The Commission's complaint further alleges that Tasty Fries, aided and abetted by Edward Kelly, has failed to make filings with the Commission of required annual, quarterly and current reports; to make and keep books, records, and accounts that accurately and fairly reflect Tasty Fries' transactions and dispositions of Tasty Fries' assets; and to devise and maintain an adequate system of internal accounting controls. As a result, Tasty Fries, aided and abetted by Edward Kelly, violated Sections 13(b)(2)(A), 13(b)(2)(B), and 15(d) of the Exchange Act and Rules 15d-1, 15d-11, 15d-13, and 12b-20, promulgated thereunder. The complaint further alleges that Edward Kelly violated Rule 15d-14 under the Exchange Act by filing certifications of Tasty Fries' required Commission filings that contained false or misleading statements and did not satisfy the Rule's requirements.

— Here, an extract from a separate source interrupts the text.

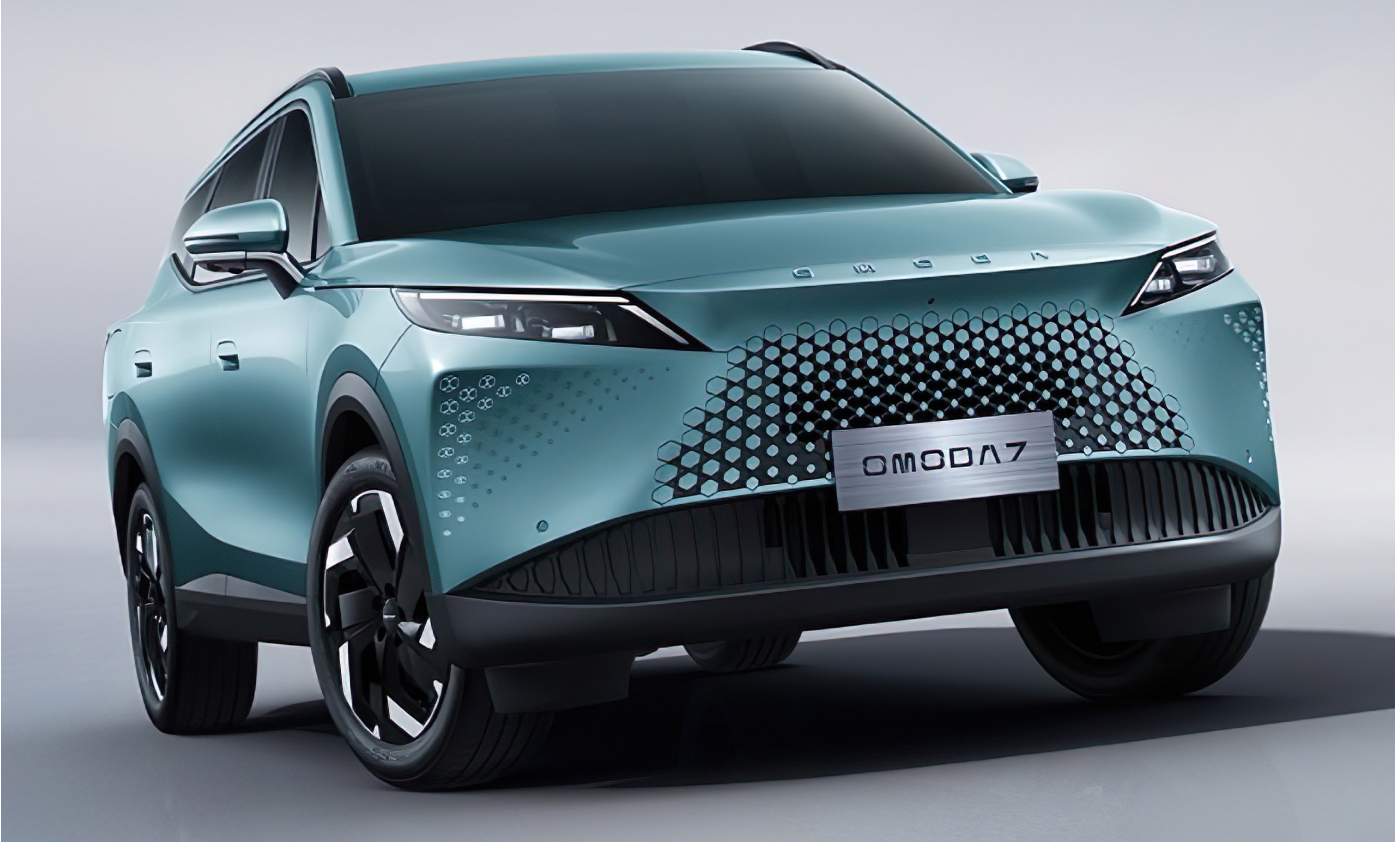 OMODA C7: Анонс нового кроссовера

Without admitting or denying the allegations in the complaint, Tasty Fries consented to the entry of a final judgment, subject to the court's approval, in which it is permanently enjoined from further violations of Sections 5(a), 5(c) and 17(a) of the Securities Act and Sections 10(b), 13(b)(2)(A), 13(b)(2)(B), and 15(d) of the Exchange Act and Rules 10b-5, 12b-20, 15d-1, 15d-11, and 15d-13 thereunder. Without admitting or denying the allegations in the complaint, Edward Kelly consented to the entry of a final judgment, subject to the court's approval, in which he is: (i) permanently enjoined from further violations of Sections 5(a), 5(c), and 17(a) of the Securities Act, Section 10(b) of the Exchange Act and Rules 10b-5 and 15d-14 thereunder, and from aiding and abetting violations of Sections 13(b)(2)(A), 13(b)(2)(B), and 15(d) of the Exchange Act and Rules 12b-20, 15d-1, 15d-11, and 15d-13 thereunder; (ii) barred from acting as an officer or director of a public company; (iii) ordered to pay disgorgement of his trading profits, plus prejudgment interest, totaling $39,245; and (iv) ordered to tender 3,115,165 shares of Tasty Fries stock for cancellation. Without admitting or denying the allegations of the complaint, Louis Kelly consented to the entry of a final judgment, subject to the court's approval, in which he: (i) is permanently enjoined from further violations of Sections 5(a) and 5(c) of the Securities Act; and (ii) ordered to pay a civil penalty of $19,500.